1) Even though motion capture is applied into so many fields by creating physically perfect motions, it has a few significant weaknesses. According to (Lee, MCML: Mocap, 2004) firstly, it has low flexibility, secondly the captured data can have different data formats depending on the motion capture system which was employed and thirdly, commercially available motion capture libraries are difficult to use as they often include hundreds of examples. (Shih-Pin Chao, 2003) States that motion capture sessions are not only costly but also a labor intensive process thus, promotes the usability of the motion data.

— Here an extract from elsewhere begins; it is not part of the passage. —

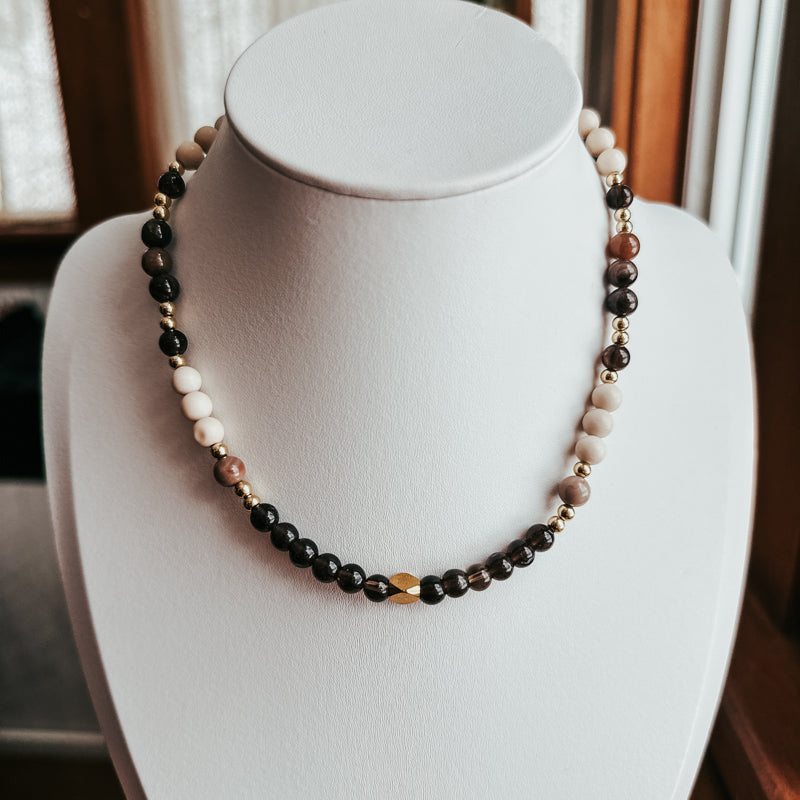 Smoky Quartz/Petrified Wood/Fossil Chocker Necklace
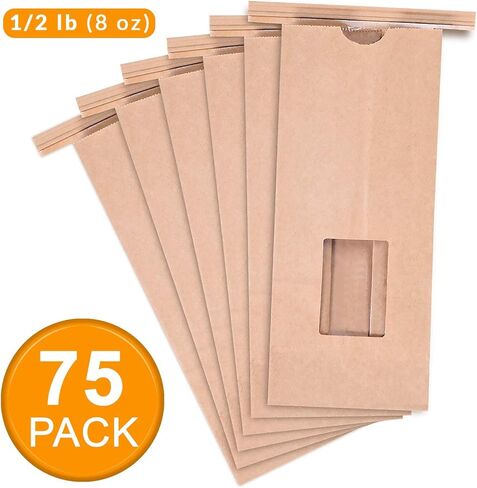 FMP Brands 75 حزمة أكياس مخبز مع نافذة، 9.5 × 6 × 2.8 بوصة أكياس مخبز ورقية بنية مع قفل ربط من القصدير لملفات تعريف الارتباط، 1 رطل (16 أونصة) أكياس ورق كرافت ممتازة لتخزين المواد الغذائية، والتعبئة، والإخراج in Kuwait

2) In the field of animation and gaming industry, it is common that motion information are captured to be used for a particular project or stored in a mocapdata. This data can either be used as the whole range of motion sequence or as part of a motion synthesis. In sport science, mocap data is used for analyzing and perfecting the sequencing mechanics of premier athletes, as well as monitoring the recovery progress of physical therapies. This simply means that a vast collection of motion capture data models are limited for different sets. Currently, motion data are often stored in small clips to allow for easy hand sequencing for describing the behavior (Jernej Barbic, 2004) (Tanco L. M., 2000). However, according to (Lee, MCML: Mocap, 2004) (Morales, 2001) (Tanco L. M., 2000) a motion capturedata models lack interoperability. This calls for an immediate need for tools that synchronize these datasets (Feng Liu, 2003).

3) In light of the recent course of interest in virtual environment applications, much research has been devoted to solving the problems of manipulating humans in 3-D simulated worlds, and especially to human locomotion. However, most of the animation approaches based on these studies can only generate limited approach lacking the locomotion capabilities for example walking their application in virtual environments are inevitably limited.

Project Objective

The objective of this project is to create a framework taken from motion capture data techniques which can set the direction to study 3D articulated figures and the humanoid robot locomotion in the virtual environment by understanding walking gait patterns in human. This framework also leads to the study issues related to safety engineering.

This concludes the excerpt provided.